4. Ranking Pipeline: from chronological to ML ranking

One-line trade-off: trade "engagement uplift" for "real-time, explainability, and compute budget" — the ranking model can only run on the small candidate set after aggregation.

Principle: early feeds were pure reverse-chronological — simple, real-time, predictable. After information overload, the shift was to ML ranking: after aggregating candidates (push-materialized + pull-celebs, a few hundred), a model predicts multiple engagement signals per post (like/comment/reshare/dwell probability), weighted into a score. This echoes Day 13's multi-stage funnel — the difference is feed candidates come from the follow graph not full-corpus retrieval, so the candidate set is far smaller (hundreds vs billions), allowing a fairly heavy ranking model directly. After ranking comes re-ranking to inject diversity (spread same-author, avoid a single-topic streak) and business rules (ad insertion, recency boosts).

Trade-off:
Real-world cases:

Scaling & Optimization

Common Pitfalls + Interview Questions

1. Agonizing over push vs pull from the start. The right answer is almost always hybrid. The interviewer wants the threshold thinking ("split by follower count/activity") and how to merge two sources at read time — not a binary choice.
2. Stuffing bodies into every timeline. Memory blowup + delete/edit needs full re-fanout. Timelines store only ids, hydrate at read.
3. Forgetting timelines must be bounded. Without truncating old entries, a big account's followers' single keys bloat unboundedly, and a Redis big-key drags down the whole shard.
4. Ranking at write time. Fixing order at push means new posts and model updates can't reflect live; re-ranking belongs on the read path.
5. Ignoring visibility filtering. If blocked/deleted/private posts aren't filtered at read, deleted content gets served — you must filter after hydrate.
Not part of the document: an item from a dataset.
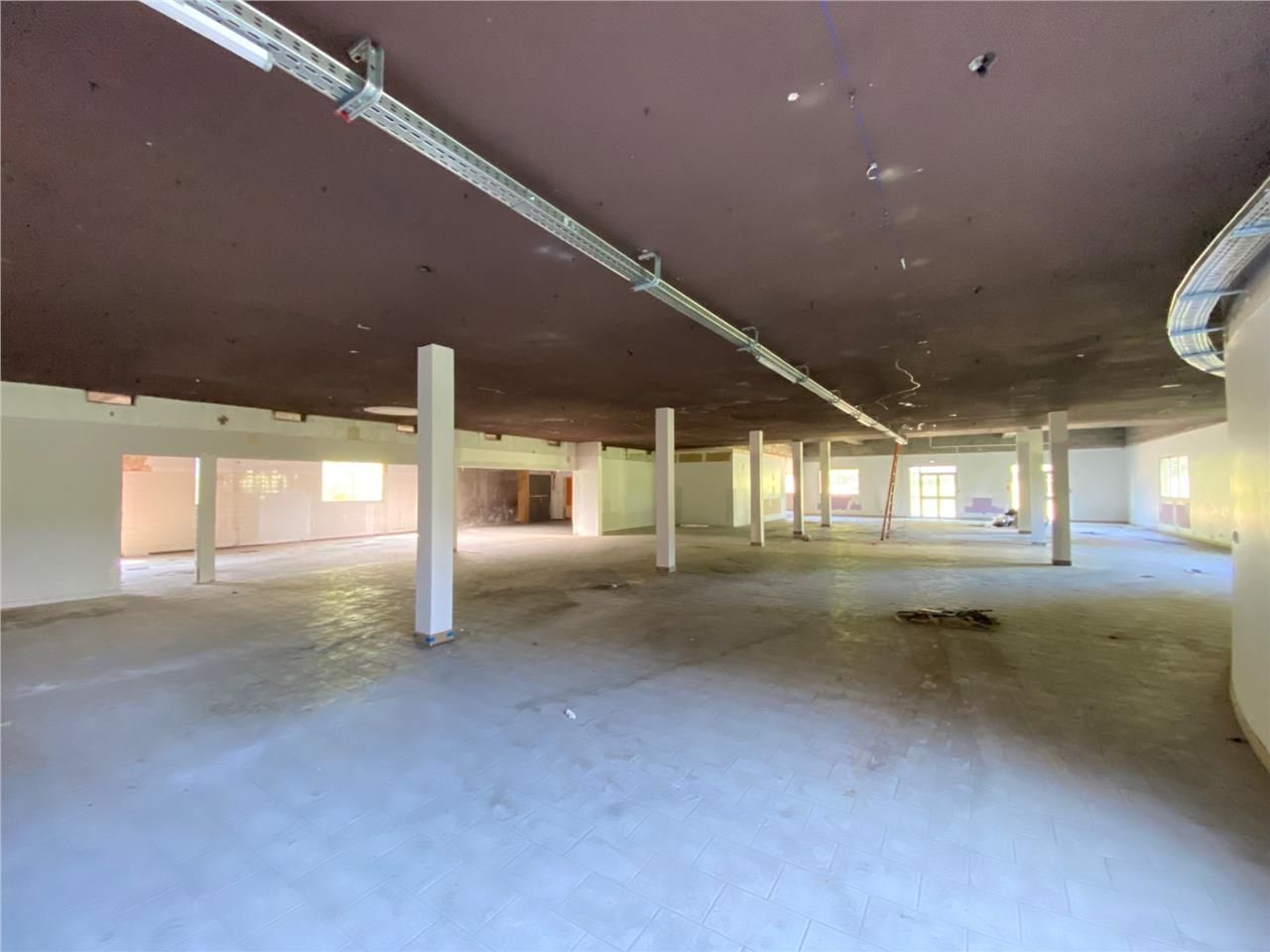 SAVILLS vous propose à la location un local d'act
Likely follow-ups: ① A celebrity with tens of millions of followers posts — how do you avoid blowing up the system? ② How do you set the push/pull threshold, on what metric? ③ When I newly follow someone, how do their historical posts enter my timeline (backfill)? ④ How do you budget the end-to-end post-to-visible latency? ⑤ Chronological vs ranked feed — what does each sacrifice, and which product should pick which?

Deep Resources

Deep Thinking (click to expand)

1. Push's write amplification grows linearly with follower count, pull's read amplification grows linearly with followee count. Can you write an inequality to estimate the "push or pull" crossover?

Modeling: for a single account, push is worthwhile roughly when "the number of times it's read ≫ the number of fanout writes its posts trigger" — the crossover is essentially the marginal benefit of a fanout write: when one fanout write saves less expected read cost than the write itself costs, switch to pull.

Intuition: a normal person posts rarely and is refreshed repeatedly → reads ≫ writes → push (write once, save countless reads). A celebrity's follower count both raises write cost and, because their posts get buried by ranking with low per-person exposure, lowers write benefit — squeezed from both ends, they land in the pull region. This is the theoretical basis for the hybrid threshold.

2. User A just followed big-V B (5M followers). Should B's historical posts appear in A's timeline immediately? How to backfill without stepping on landmines?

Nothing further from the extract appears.